Establish the foundational primitives the entire scenario E2E framework depends on. This phase introduces the 5-part scenario contract schema (environment / manifest-or-no-manifest-reason / fixtures / runtime actions / assertions), a setup-only/host-only scenario type that does not require a NemoClawInstance manifest, the runtime action runner with ordered evidence, and reusable fake-service / state-staging / dangerous-fixture-cleanup primitives that downstream phases consume.

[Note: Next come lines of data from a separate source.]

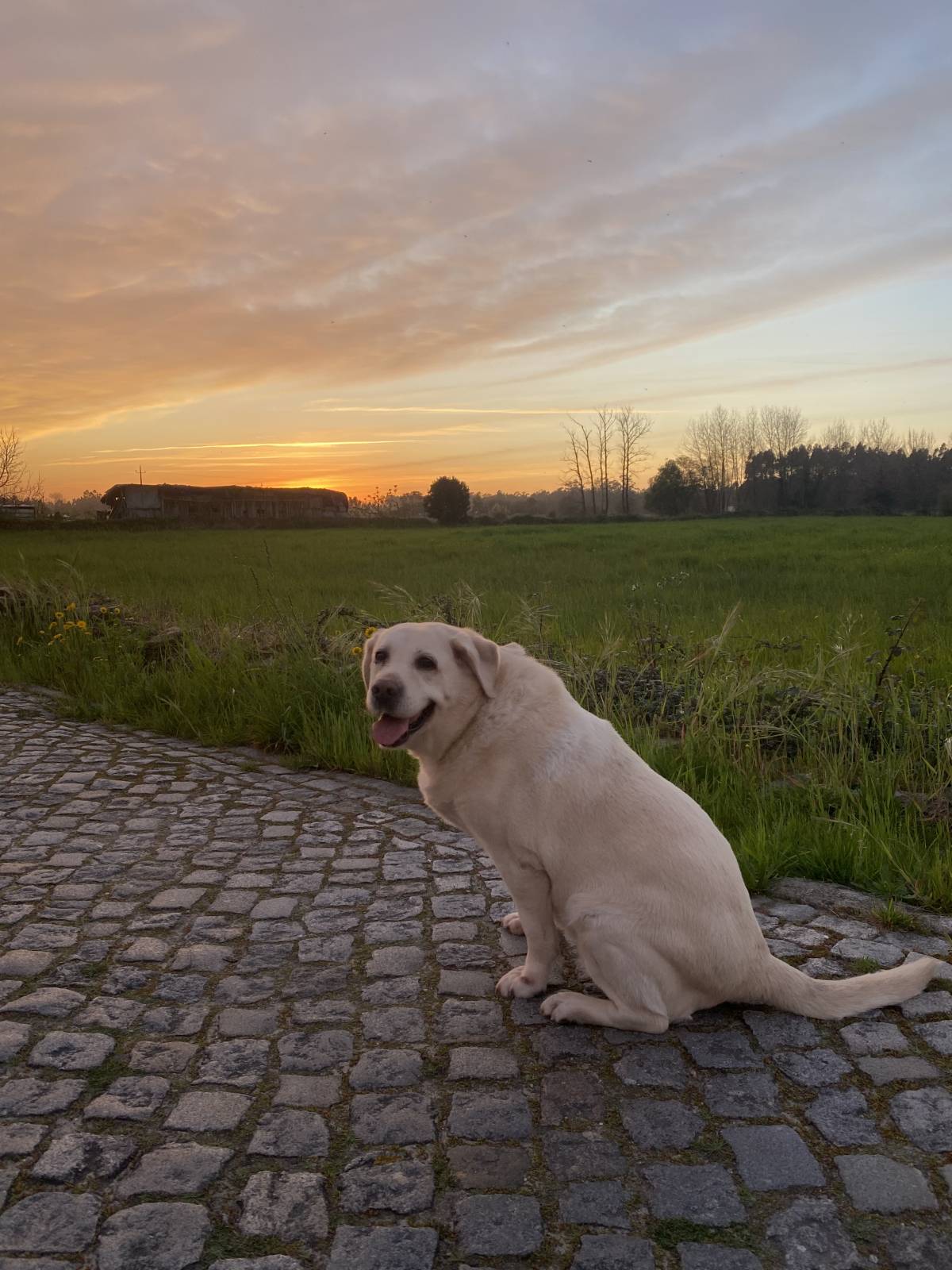 Pettycare - Ovar - Dog Hotel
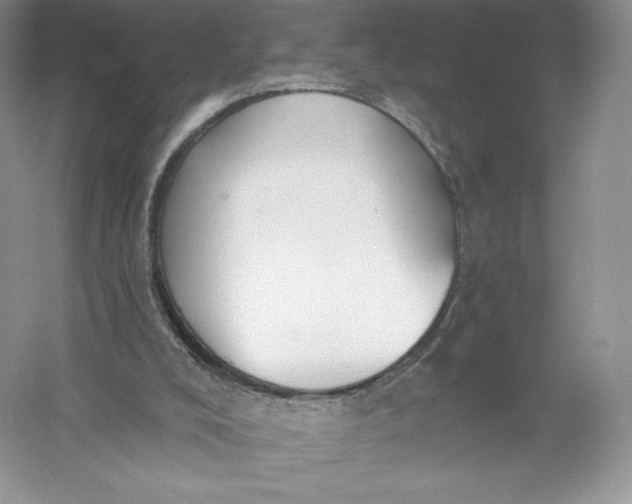 X0000055990008200509092032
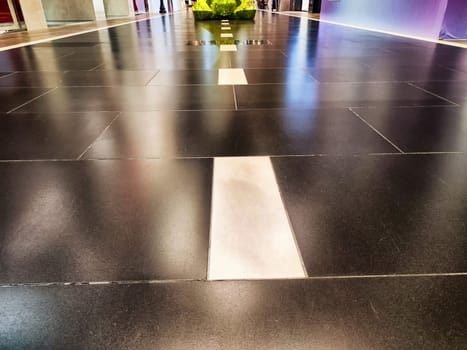 Polished black tiles create a sleek walkway featuring a decorative green planter at center, inviting visitors to explore the space.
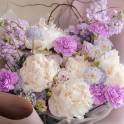 Lilac Cotton Candy
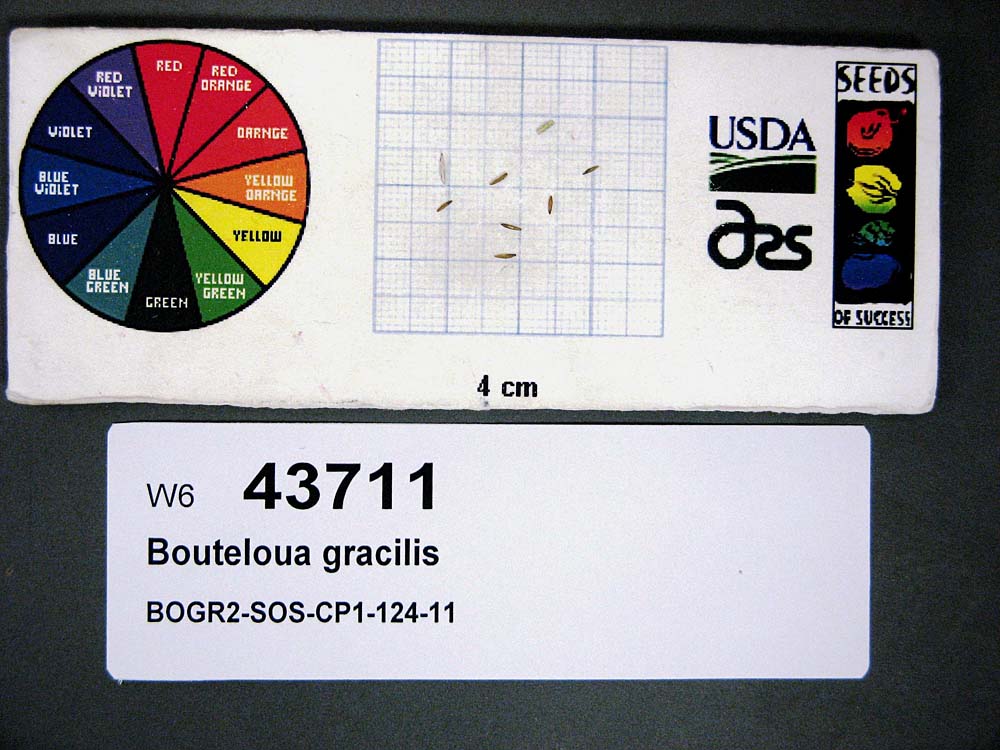 Click for 1 image(s) for this accession. SEED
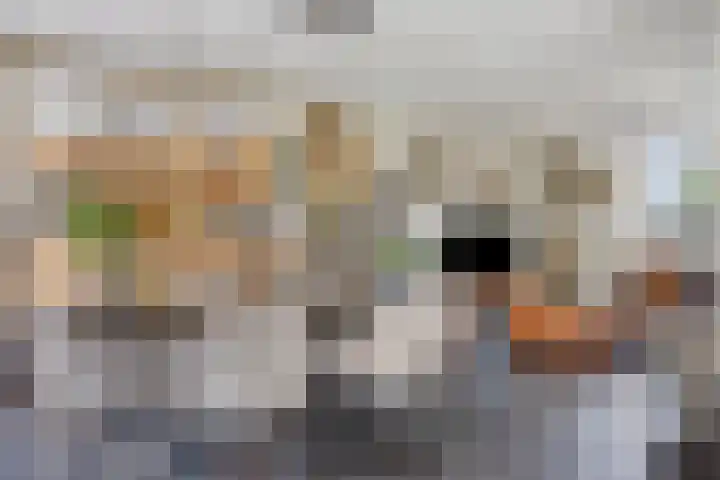 Wolfsven 7 Eindhoven thumbnail 5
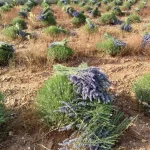 Maroc : Quand les plantes médicinales renaissent, mais les dirigeants conservateurs restent à l'ombre !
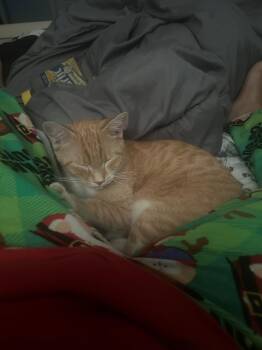 Tabby and Domestic Short Hair Cats Available for Adoption in Phoenix, Arizona - Asad | PetCurious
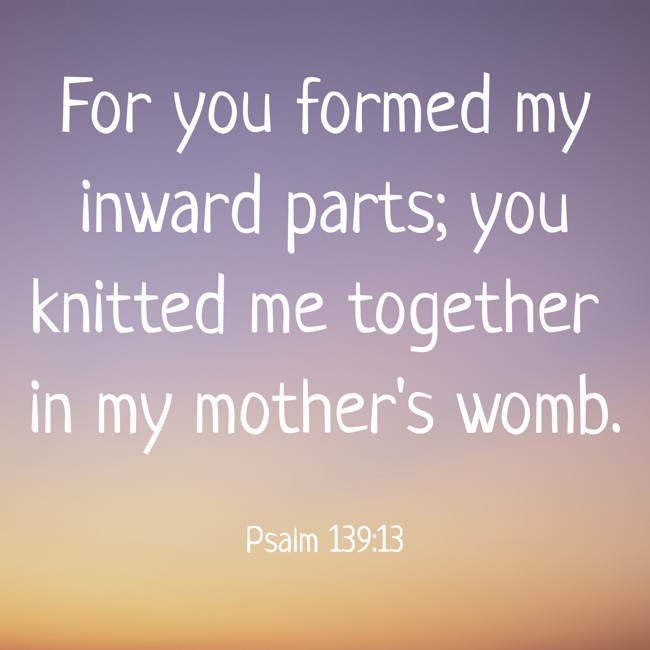 For you formed my inward parts; you knitted me together in my mother's womb. - Psalm 139:13
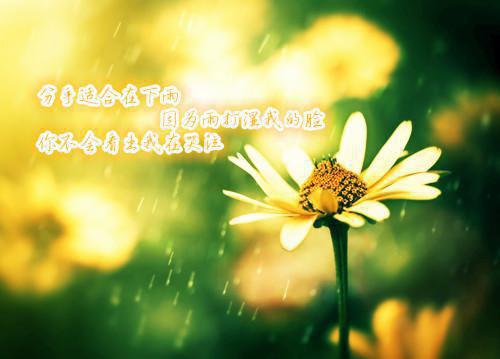 阮初陆珩之小说 阮初陆珩之完整版免费阅读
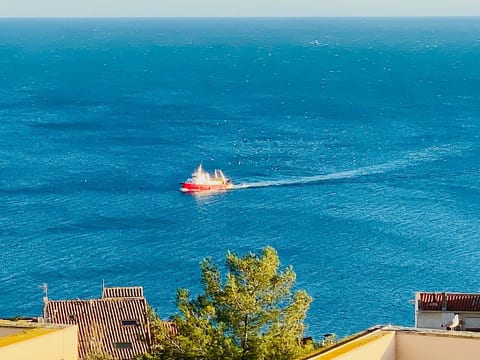 Azur 2 T1 avec vue imprenable sur la mer+parking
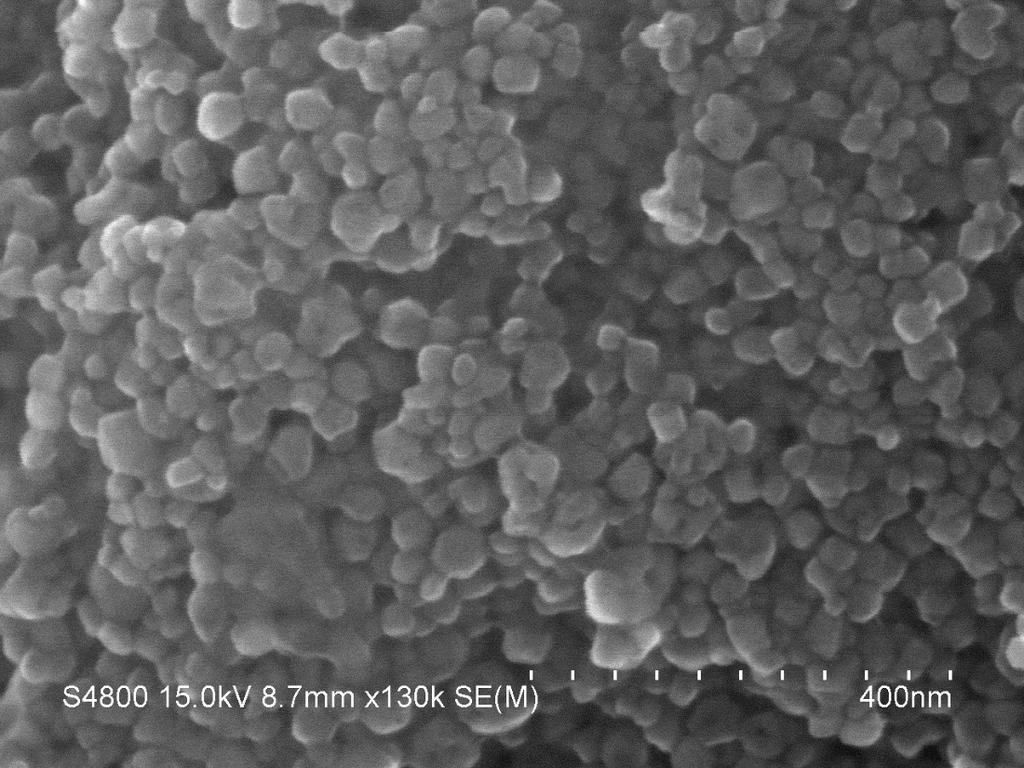 Supplementary Figure 3. SEM image of as-prepared anatase-tio2 nanoparticles.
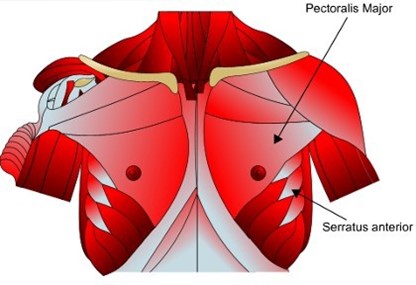 pectoralis major and serratus anterior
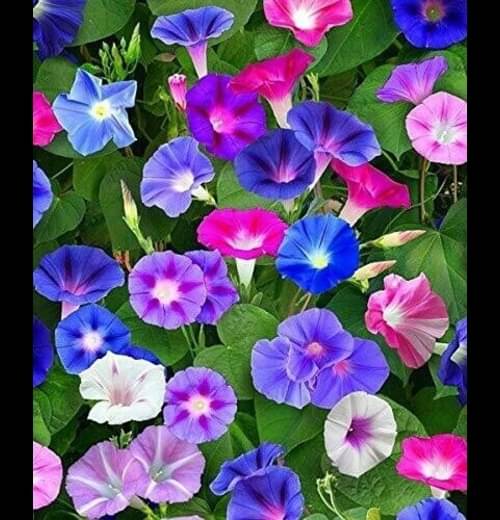     			Infintegreen Moringa Flower ( 100 Seeds )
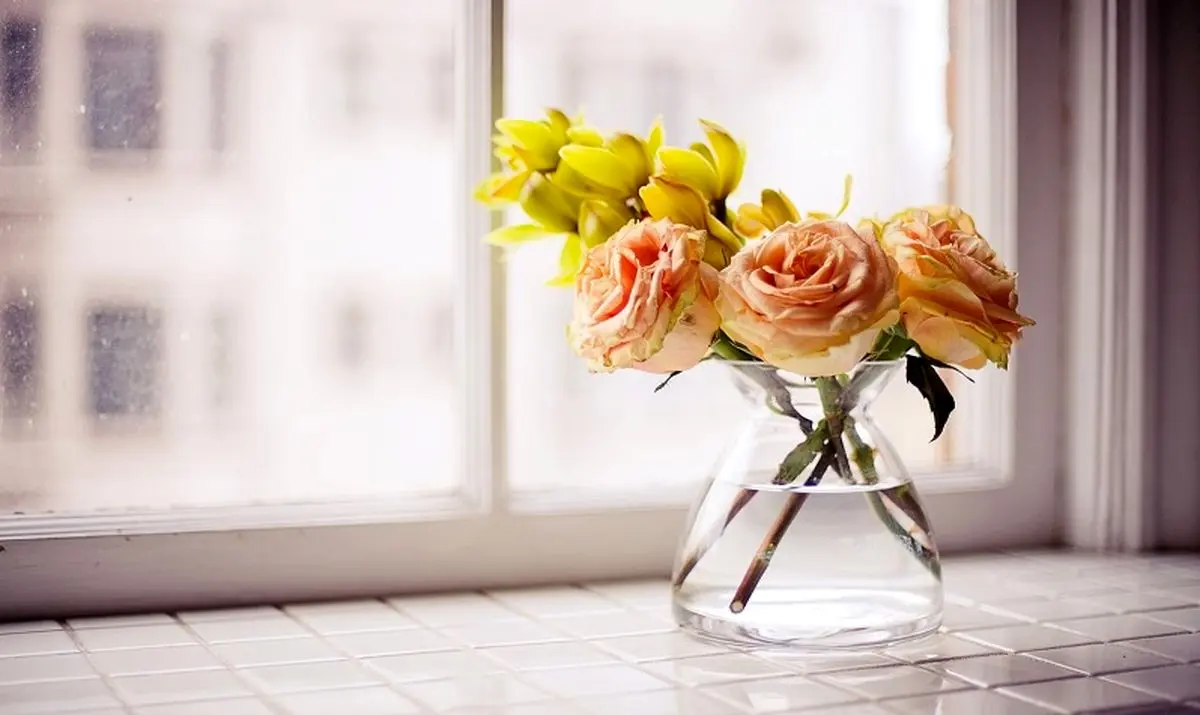 رمز و رازهای قرآنی برای موفقیت در زندگی
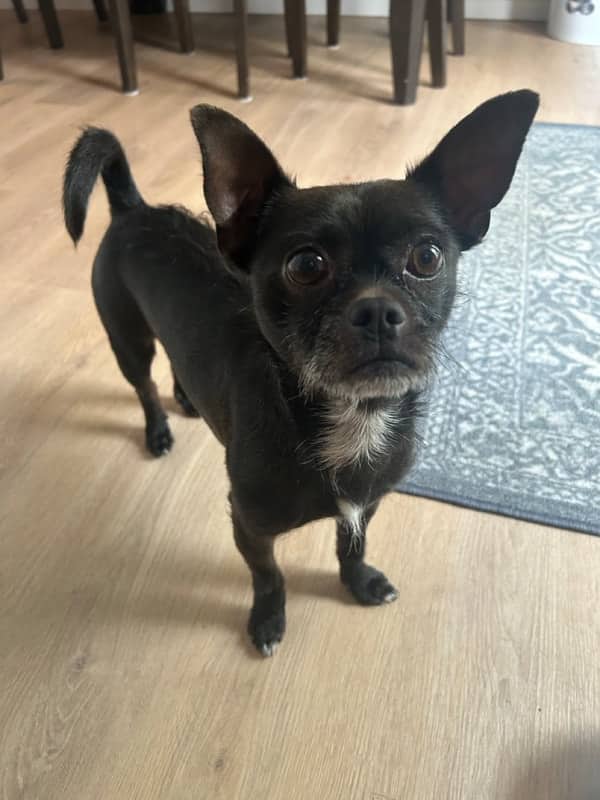 Lionel - Mixed Breed available for adoption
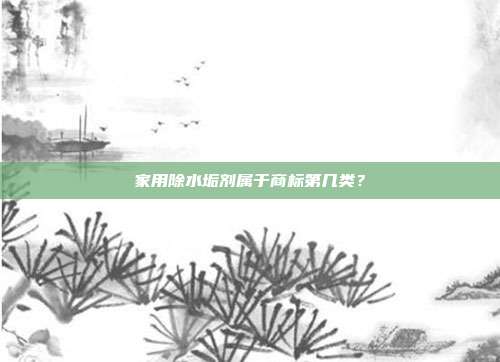 家用除水垢剂属于商标第几类？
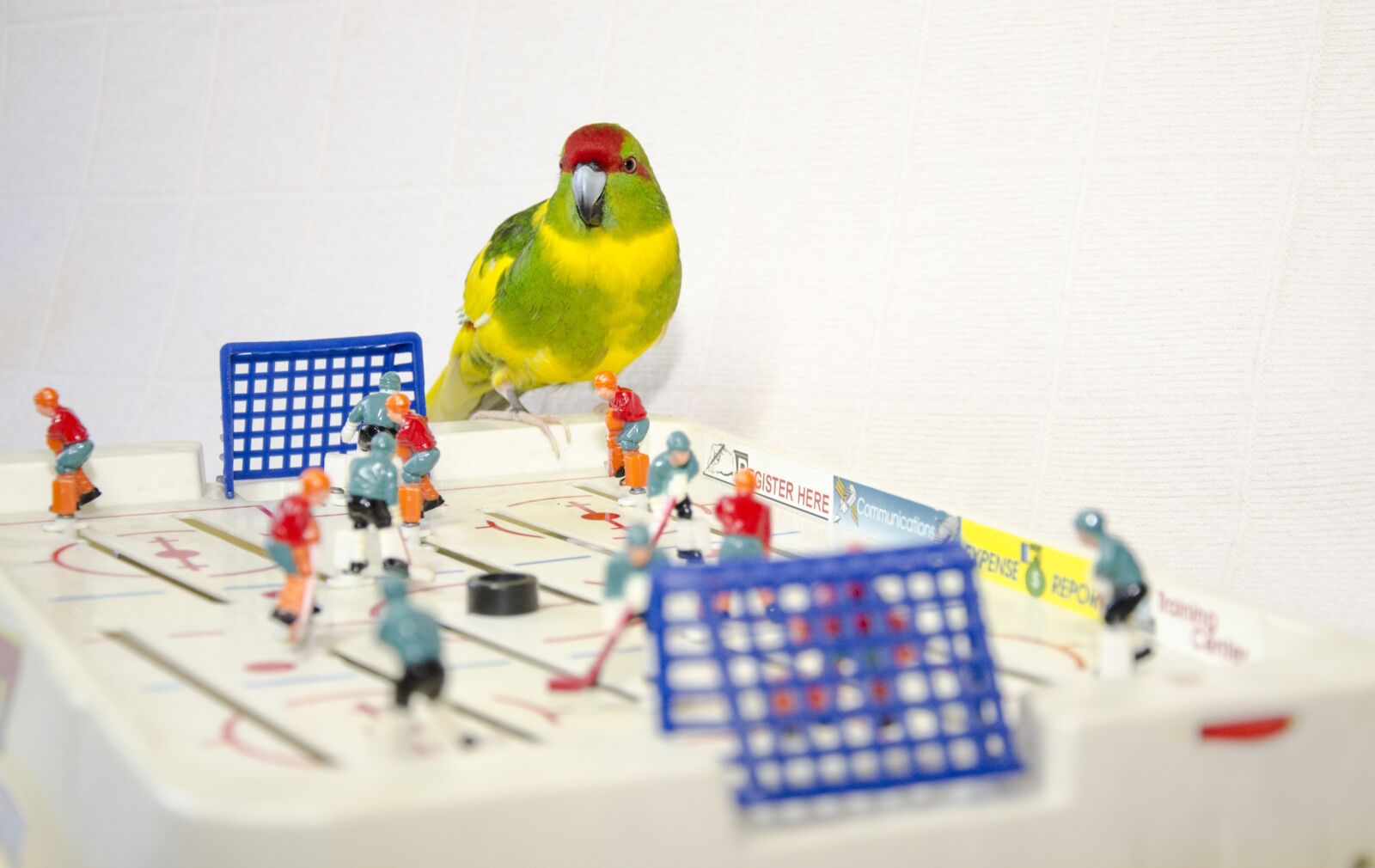 Nikon D5100 sample photo. Parrot, hockey, game photography
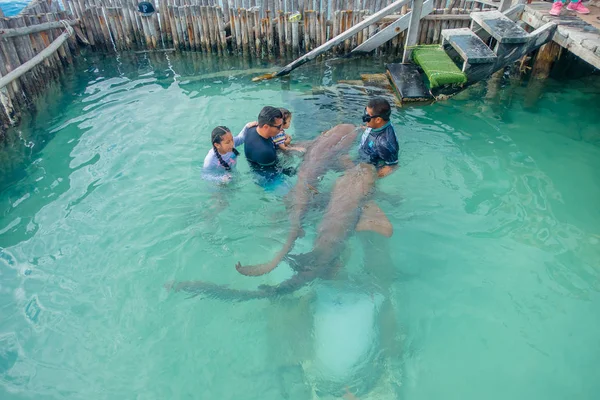 CANCUN, MÉXICO - 10 DE ENERO DE 2018: Hermosa vista al aire libre de turistas no identificados con un entrenador tocando un tiburón durante la demostración en la Isla Mujeres dentro de una pared de madera en el agua durante un — Foto de Stock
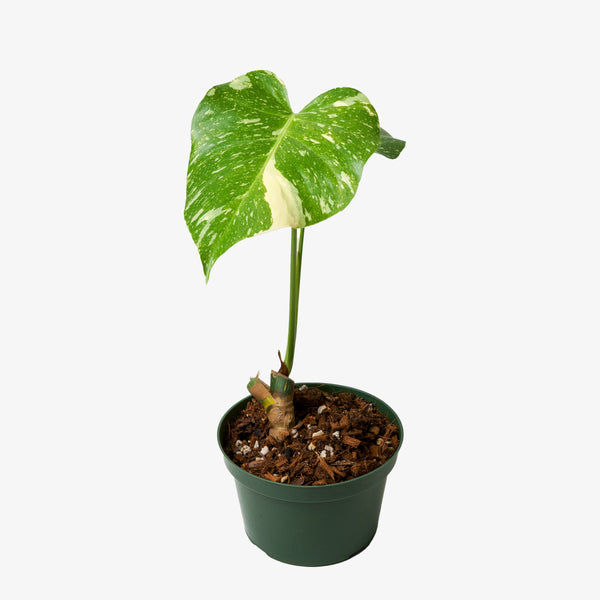 Monstera Deliciosa 'Thai Constellation'
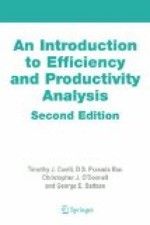 An Introduction to Efficiency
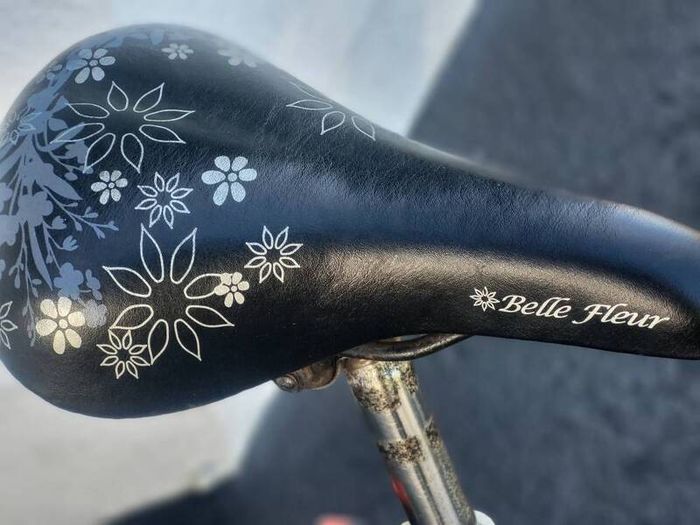 Ladies Bike Ready To Use.read Add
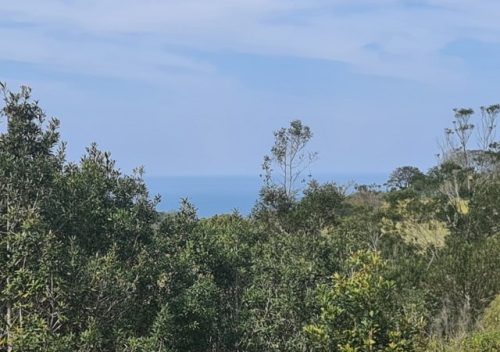 Wilderness 26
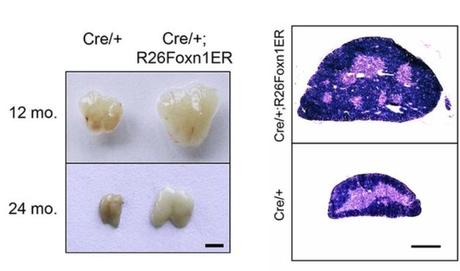 Científicos logran por primera vez regenerar un órgano vivo Timo regenerado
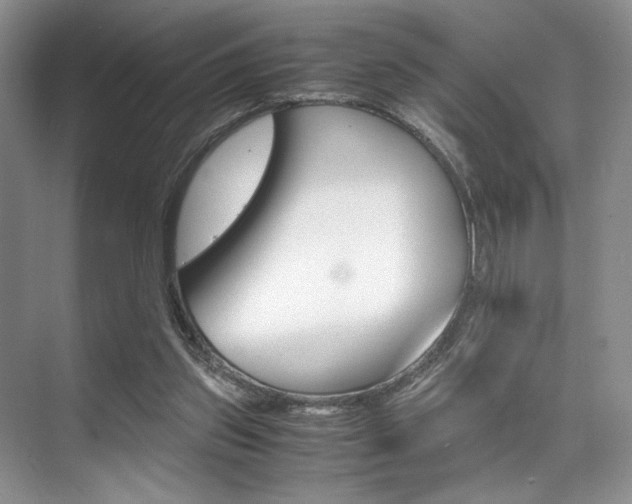 X0000071950157200607071048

This phase also delivers the audit-row coverage for legacy root scripts that are setup-heavy but assertion-light, where the entire test can be modeled as a hermetic / host-only scenario contract.

Audit rows in scope

AQ Phase Legacy subject Required coverage Boundary Planned scenario/assertion Fixtures/actions
AQ-001 1 Setup and onboarding manifest audit section Scenario contracts declare environment, manifest or no-manifest reason, fixtures, runtime actions, assertions, expected failures, and runner requirements. host CLI contract schema/resolver assertions none
AQ-002 1 test-gateway-drift-preflight.sh Hermetic preflight contract detects gateway drift without requiring product manifest. gateway gateway drift assertion module fake gateway/config fixture
AQ-003 1 test-gateway-health-honest.sh Gateway health scenario distinguishes honest healthy/unhealthy states and cannot pass from a generic HTTP probe alone. gateway gateway health-honest assertion module fake gateway fixture
AQ-004 1 test-openshell-version-pin.sh Host-only scenario verifies expected OpenShell version pin behavior. host CLI openshell version assertion module fake openshell CLI fixture
AQ-005 1 test-onboard-inference-smoke.sh Host-only/onboard smoke contract proves inference smoke setup without live provider secrets. provider/integration onboard inference smoke assertion module fake provider fixture
AQ-006 1 test-docs-validation.sh Docs validation is represented as setup-only/host-only scenario with real command assertions. host CLI docs validation assertion module docs fixture
AQ-007 1 test-ollama-auth-proxy-e2e.sh setup requirements Ollama auth proxy setup declares port, token, cleanup, and proxy fixture requirements. provider/integration ollama auth proxy setup contract ollama/proxy fixture
AQ-008 1 Dangerous fixtures Docker daemon, /etc/hosts, policy, blueprint, image, and port mutations require cleanup/restore tests. cleanup fixture cleanup validator mutation fixtures
AQ-009 1 Runtime actions Ordered lifecycle actions such as channels.add, inference.set, snapshot.create, rebuild, and upgrade emit ordered evidence. host CLI runtime action evidence assertions action runner

Required scenario contracts to add

Each lands with a stable scenario ID, no fake NemoClawInstance manifest, and real assertions emitting PASS:/FAIL: markers and evidence paths.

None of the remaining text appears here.